Hello! I have this "Segmentation fault" problem. I have php 8.1.6 with [opcache.jit = 1255] In my case it fails every time I make changes to the code of my app with an editor and save them!!! To make it work again I have to make a change (it can be a simple white space) in the code, with this the application works again...until the next change! PS: haven't tested with [opcache.jit = 1205] yet

usefksa commented 2 years ago

Hello, We also have the same problem. It happened totally random. If we run 10 servers, one of them will have the bug.

cappadaan commented 2 years ago

Issue seems fixed after updating to 8.1.7

our setting: opcache.jit=1255

nursoda commented 2 years ago

I still have this issue with 8.1.7 and opcache.jit=1255: After server reboot, one or more of my nextcloud instances constantly segfault/coredump. Setting opcache.jit from 1255 to 1205 reduces the impact but I still see two coredumps upon server restart. After commenting out opcache.jit and opcache.jit_buffer_size (assuming that disables JIT), I have no coredumps upon reboot. If I get some upon later reboots, I shall report here.

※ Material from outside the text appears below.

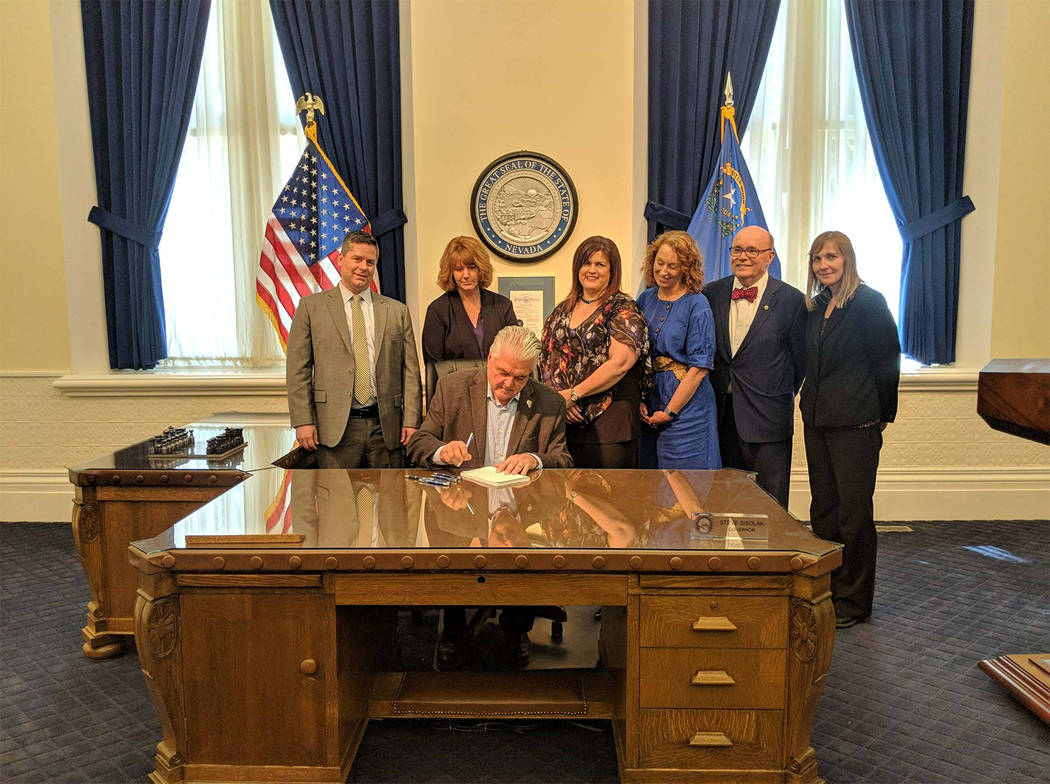 Photo courtesy of Office of the Governor Flanked by staff Nevada Governor Steve Sisolak signs t ...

chelsEg commented 2 years ago

@cappadaan for my project issue not fixed after updating to 8.1.7

cappadaan commented 2 years ago

We indeed have experienced 1 segfault up till now, seems not 100% fixed

oleg-st commented 2 years ago

One fix was made in 8.1.7 (#8461), the second in 8.1.8 (#8591). The third related issue #8642 has not yet been fixed.

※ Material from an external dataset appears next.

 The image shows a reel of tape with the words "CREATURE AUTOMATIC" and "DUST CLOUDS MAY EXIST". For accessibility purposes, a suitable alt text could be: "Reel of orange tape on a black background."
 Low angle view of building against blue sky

nicrame commented 2 years ago

For me

php81 -v

PHP 8.1.7 (cli) (built: Jun 7 2022 18:21:38) (NTS gcc x86_64) Copyright (c) The PHP Group Zend Engine v4.1.7, Copyright (c) Zend Technologies with Zend OPcache v8.1.7, Copyright (c), by Zend Technologies

In 10-opcache.ini i got: opcache.jit_buffer_size=0 opcache.jit=0 But it still crash: Jun 28 07:43:52 Love-NAS kernel: traps: php-fpm[5596] general protection fault ip:7ff464b6887c sp:7fffac4a98f0 error:0 in opcache.so[7ff464b4c000+e3000]

stissot commented 2 years ago

We had the same Opcache segmentation fault this morning on a server running PHP-fpm 8.1.8 and the following configuration. It completely filled up the system memory and swap. A php-fpm restart was needed.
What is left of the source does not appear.